In the case of the baseball, the horizontal velocity is given as \(22 \text{ m/s}\), meaning that the ball travels at a constant speed of \(22 \text{ m/s}\) in the horizontal direction. This speed does not change as it moves towards the second baseman.
To find out how far the baseball travels, we use the formula for constant speed:

• Distance \(d = v \times t\)

With \(v\) being the horizontal velocity and \(t\) the time taken. Substituting \(22 \text{ m/s}\) for the speed and \(0.45 \text{ s}\) for the time, the ball travels a distance of \(9.9 \text{ meters}\) horizontally. This calculation shows how horizontal velocity and time work together to determine distance.

Vertical Drop

The vertical drop in projectile motion refers to how much an object falls vertically due to gravity, while it moves horizontally. This drop is caused by the force of gravity acting on the object during its flight.
Even though the baseball is thrown horizontally, it simultaneously falls towards the ground. We calculate the vertical drop using the formula for free fall:

• Vertical drop \(h = \frac{1}{2} g t^2\)

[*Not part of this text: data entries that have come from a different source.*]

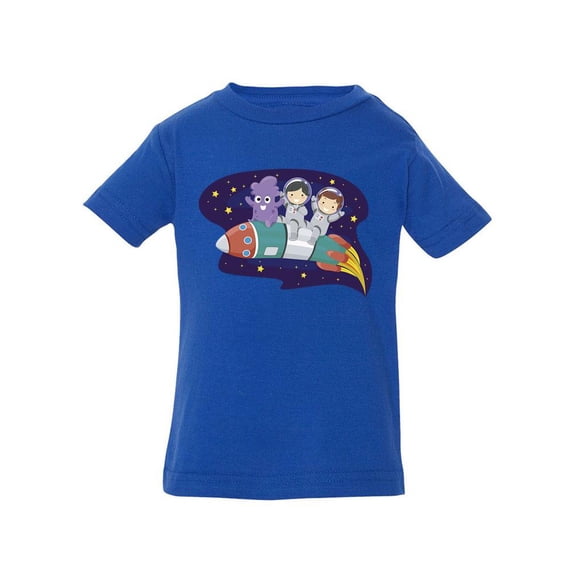 Kids And Alien On A Rocket T-Shirt Infant -Image by Shutterstock, 24 Months
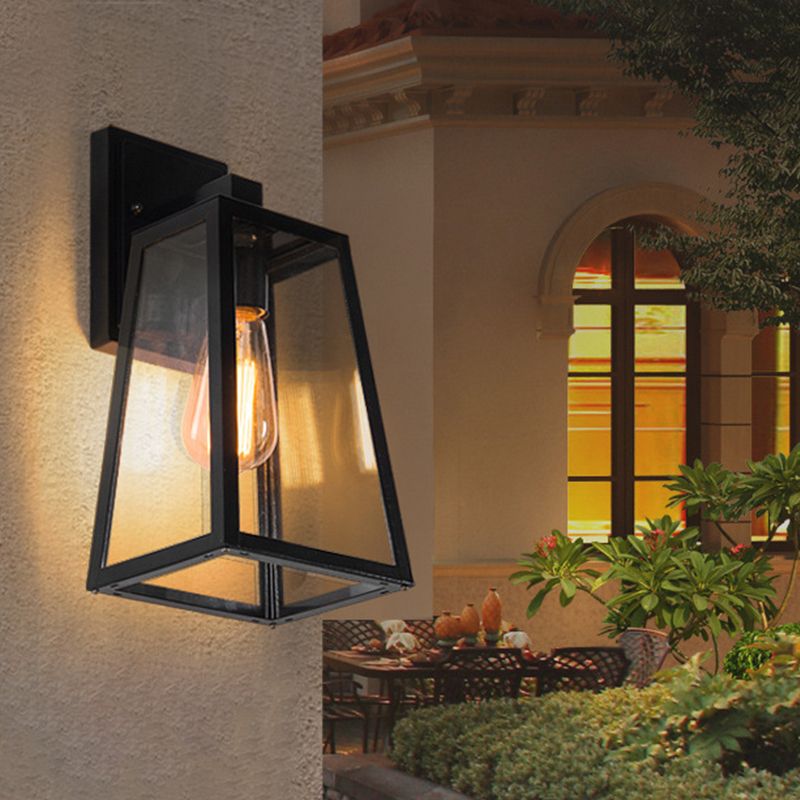 Industrial Metal Wall Light 14" High Wall Sconce with Glass for Outdoors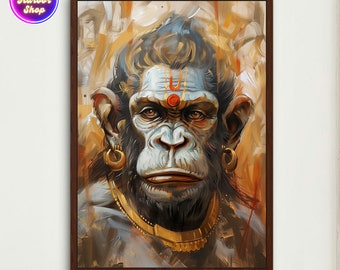 Hanuman Ji oljemålning hinduisk gud porträtt väggkonst Rama indisk konst kanvas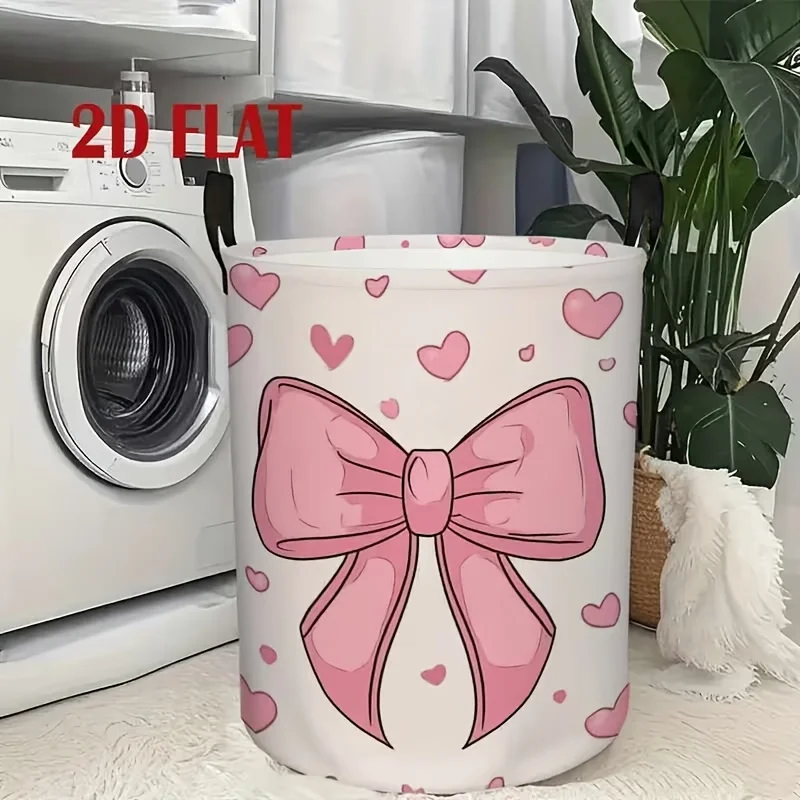 Washing Basket, with Pink Bow And Heart Pattern Decorative Multifunctional Folding Laundry Basket Laundry Baskets - view 4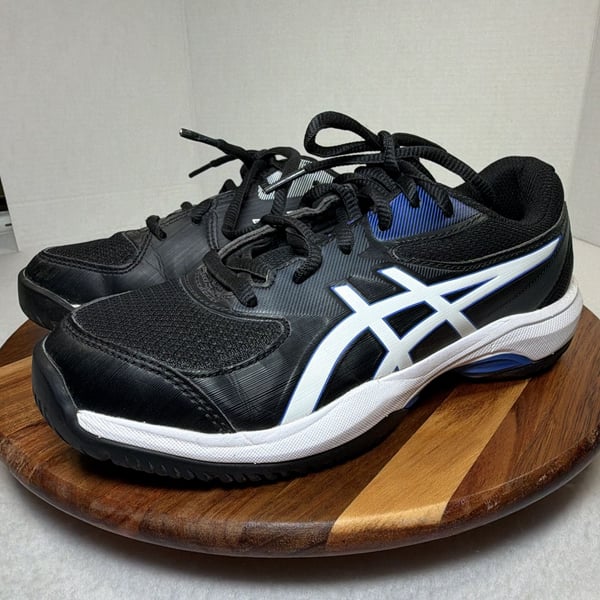 ASICS Gel-Game GS Size 3 Black White Blue Tennis Shoes Athletic Sporty Sneakers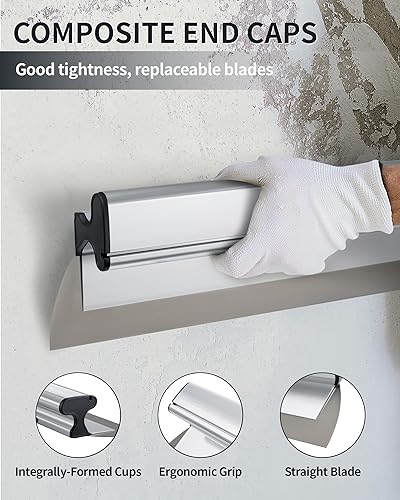 Skimming Blade, Firecore 24 Inch Drywall Tools Aluminum Housings, Stainless Steel Skim Coating Blade Knockdown Texture Knife, Smoothing Spatula for Drywall Repair Plaster Walls Wall-Board Sheetrock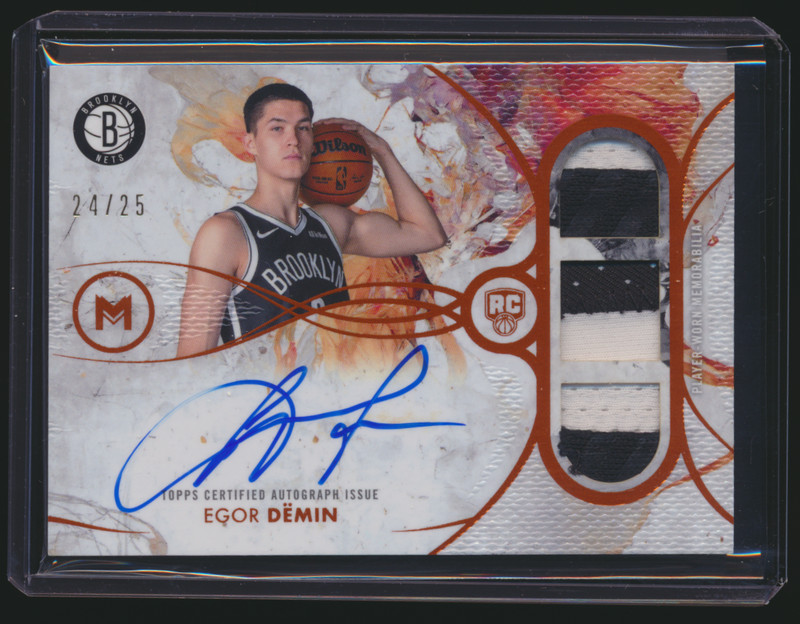 2025-26 Topps Motif RPA Rookie Patch Auto Egor Demin Nets Autograph /25
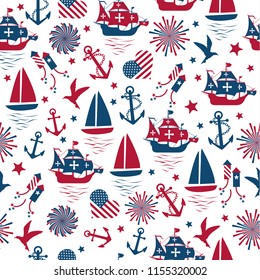 Happy columbus day. Vector illustration, seamless pattern on white background.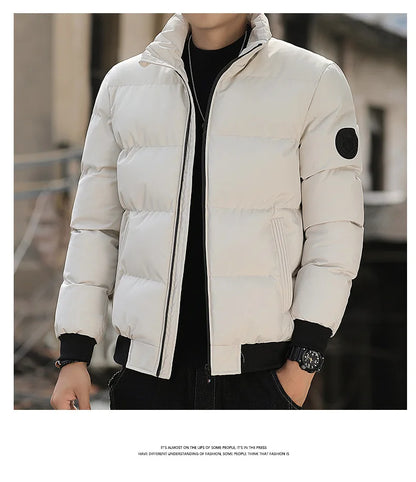 2025 Winter New Solid Color Zipper Down Jacket Thick Cotton Jacket Men Trendy Brand Casual Youth Coat Versatile Comfortable Top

Here, \(g\) represents the acceleration due to gravity, which is \(9.8 \text{ m/s}^2\). By substituting \(0.45 \text{ s}\) for the time, the equation yields\[ h = \frac{1}{2} \times 9.8 \times (0.45)^2 \approx 0.99 \text{ m} \]This tells us that while the baseball travels horizontally, it drops approximately \(0.99 \text{ meters}\) vertically, demonstrating the simultaneous horizontal and vertical components of projectile motion.

Acceleration Due to Gravity

Acceleration due to gravity, often denoted by \(g\), is a key component in understanding projectile motion. It represents the rate at which an object accelerates towards the Earth's surface due to gravitational force.
On Earth, this value is roughly \(9.8 \text{ m/s}^2\). This means that in the absence of other forces, an object's velocity increases by \(9.8 \text{ m/s}\) every second it is in free fall.

Impact on the Baseball

In the exercise, gravity is what causes the baseball to drop \(0.99 \text{ meters}\) as it moves horizontally. Although the ball is thrown horizontally, it cannot overcome the pull of gravity, resulting in a vertical descent.
Gravity acts independently of any horizontal forces, causing the vertical component of motion to appear separate from the horizontal motion. Therefore, while the horizontal velocity remains constant, the vertical drop is dictated solely by gravity's pull on the ball, highlighting the dual nature of projectile trajectories.